# `pandas` - Indexing & Selecting data

__Contents__:
1. Setup
1. Select columns 
1. Select rows

## Reference
- http://pandas.pydata.org/pandas-docs/stable/indexing.html
- http://pandas.pydata.org/pandas-docs/stable/index.html
- http://pandas.pydata.org/pandas-docs/stable/dsintro.html

## 1. Setup

Load libraries.

In [6]:
import pandas  as pd
import numpy   as np
(pd.__version__,
 np.__version__
)

The most common way to create a DataFrame is to use the `read_csv` (pandas) function to read a CSV file. 

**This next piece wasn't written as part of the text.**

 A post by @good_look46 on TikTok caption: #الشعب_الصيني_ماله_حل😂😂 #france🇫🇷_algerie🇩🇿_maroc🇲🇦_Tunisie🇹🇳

Another common technique is to use the `DataFrame` function, which has three parameters:
1. `data`, which is a numpy array, a dictionary or another DataFrame (examples of each follow)
1. `index`, which is a list of the names of the rows
1. `columns`, which is a list of the names of the columns

https://pandas.pydata.org/pandas-docs/stable/generated/pandas.DataFrame.html

Create a sample dataframe for the demonstrations below.

In [9]:
df_col = pd.DataFrame(data=[[100, 200, 300, 400],
                            [101, 201, 301, 401],
                            [102, 202, 302, 402]], 
                      columns=['col_a', 'col_b', 'col_c', 'col_d']
                     )
df_col

## 2. Select Columns

A column can be accessed as an attribute of the dataframe.

In [12]:
x = df_col.col_b
print(type(x))
x

Notice that a series is returned.

A column can be accessed using (single) square brackets.

In [15]:
x = df_col['col_b']
print(type(x))
x

Notice that a series is returned.

In [17]:
col_name = 'col_b'
x = df_col[col_name]
print(type(x))
x

Notice that a series is returned.

A dataframe can be returned with specific column by using double square brackets.

In [20]:
x = df_col[['col_b']]
print(type(x))
x

A dataframe with multiple columns can be returned by passing a list of columns to the square brackets.

In [22]:
x = df_col[['col_b','col_c']]
print(type(x))
x

In [23]:
col_list = ['col_b','col_c']
x = df_col[col_list]
print(type(x))
x

Columns can also be selected using the `iloc` method.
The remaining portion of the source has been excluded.